While this story may cut close to the bone, its animated and upbeat tone ensures it redresses these tragic circumstances with playful comedy as parents trick their brats into pandering to their every whim. An indictment on our current age of self-sufficient me-orientated lifestyles, it’s fun to see the comical outpouring of a dastardly plan in full effect.
“…and what if we traded in our kids?”
This colourful comedy features a charming ensemble in Christian De Sica, Angela Finocchiaro, Claudio Colica and Dharma Mangia Woods as a middle class family of four. De Sica and Finocchiaro have believable chemistry as the slighted parents as Carlo tries to downplay severity and Anna gets fed up. While Colica and Woods play the spoiled and self-serving kids who couldn’t be bothered, the schadenfreude is real but diluted by their offhanded charms.
Bognetti finds a good balance in this full-blown comedy, keeping the characters relatable and yet cartoonish enough to poke fun. Tapping into universal themes around leaving and cleaving, the fun concept kickstarts proceedings with a sense of just desserts as the kids take up the slack and suddenly become attentive.

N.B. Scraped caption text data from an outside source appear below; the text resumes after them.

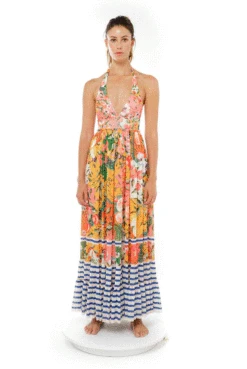 Ashley Dress -Active Swimwear Shop Seed Ashley Dress 13499 7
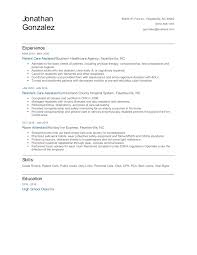 With a great range of attendant jobs available, you're sure to find the perfect role for you. How To Become A Patient Care Assistant Zippia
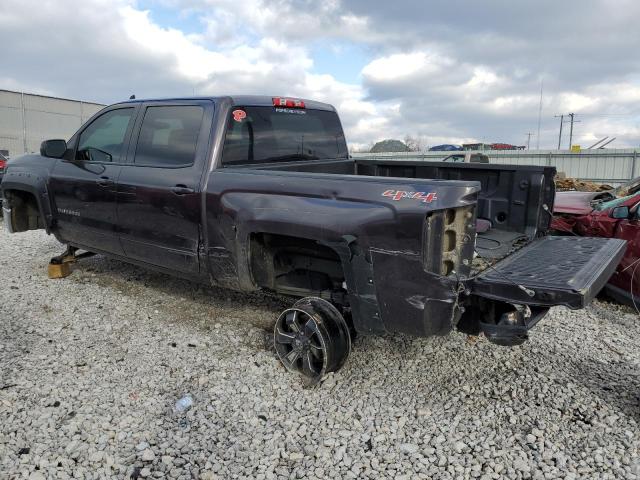 2015 CHEVROLET 1500 TRUCK - 3GCUKREC0FG104186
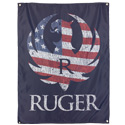 Ruger Spirit of America Banner 3x5 Banner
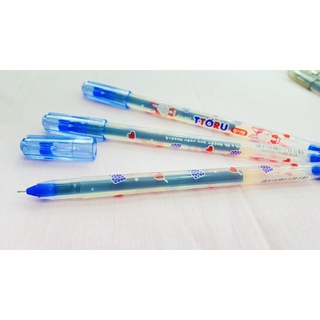 Bút mực nước TTORU Hàn Quốc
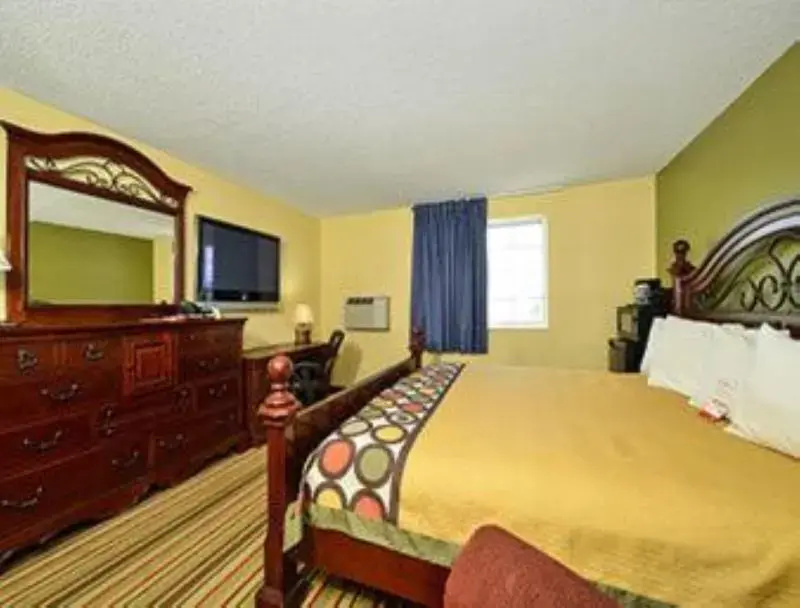 Business room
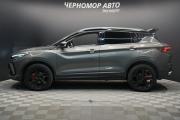 Geely Coolray I Рестайлинг Крым  - изображение 31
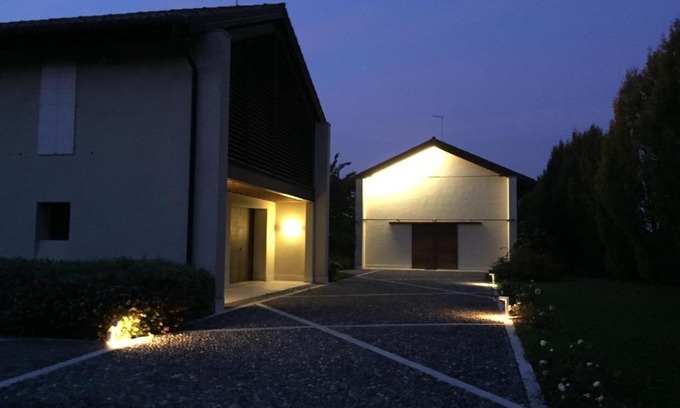 Santa Maria di Sala Maison | Civico1A1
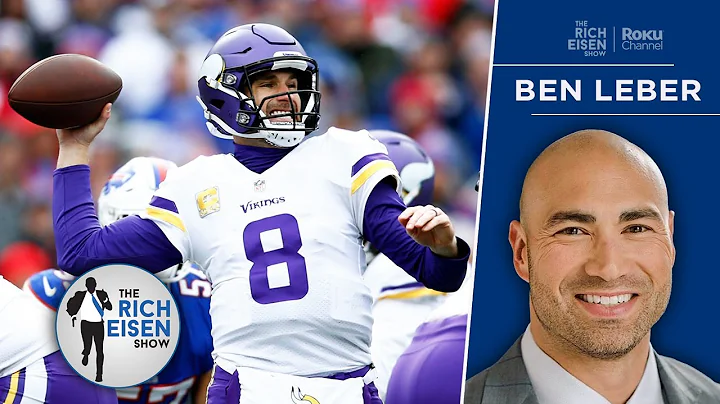 Vikings Analyst Ben Leber on Whats Different about...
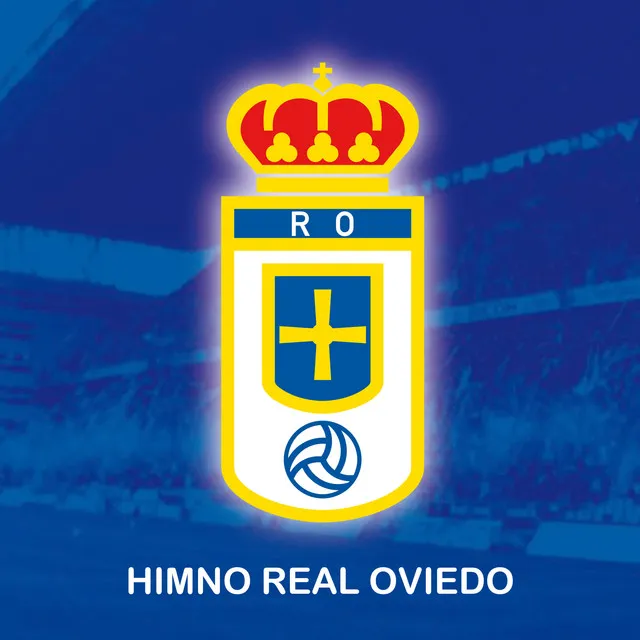 Himno Real Oviedo - Original 1969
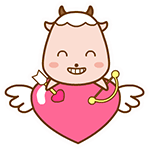 32 I love you gifs emoji valentine's day emoticons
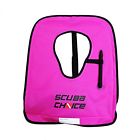 Scsva-01pl-sc Aqua Edge Scuba Choice 742128250577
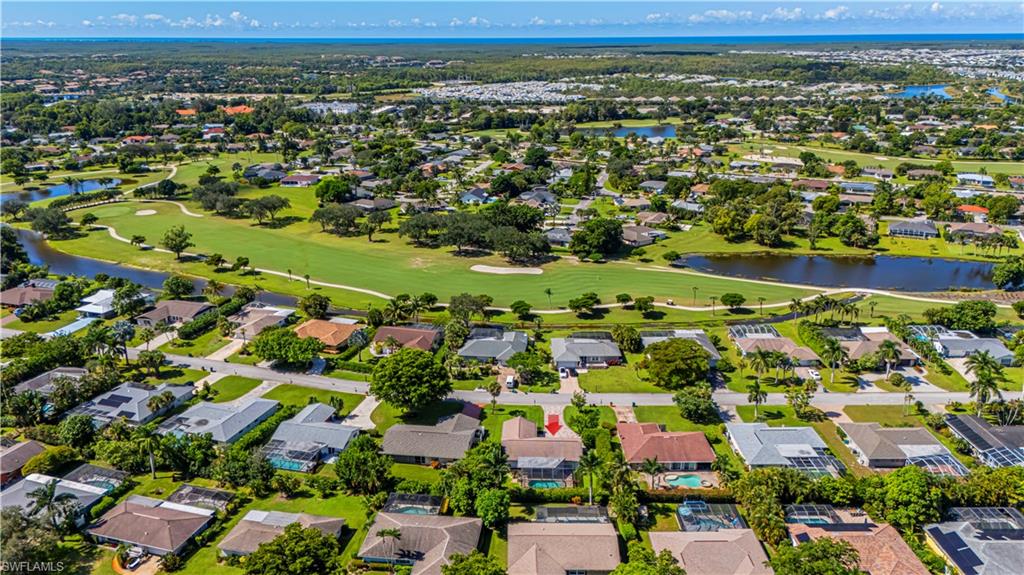 297 Bay Meadows DR, NAPLES FL 34113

While The Price of Family starts with aplomb and hilarity, catapulting us into the master plan with a sense of glee, it’s unable to sustain the novelty. While it’s a fun idea, delivered with enthusiasm by a spirited cast, it’s a case of arrested development when it comes to comedy. Jokes are recycled and lose their traction as it becomes clear that things are as good as they’re going to get.
Ranging into slapstick comedy, the tonal shift becomes hit-and-miss as The Price of Family tries to maintain its energy into the third act. The comedy does hinge on a sense of morality as family duty and greed see-saw until the characters come to a fresh appreciation after true motives are finally revealed.
The Price of Family hits its stride early with an exuberant cast and a fun concept, but seems to get stuck in a loop by trying to get by on repeat formula. While the diminishing returns are felt mostly in the sluggish middle when it tries to shift into more emotional terrain, this upbeat comedy manages to coax enough charm and energy from its game cast to cross the finish line.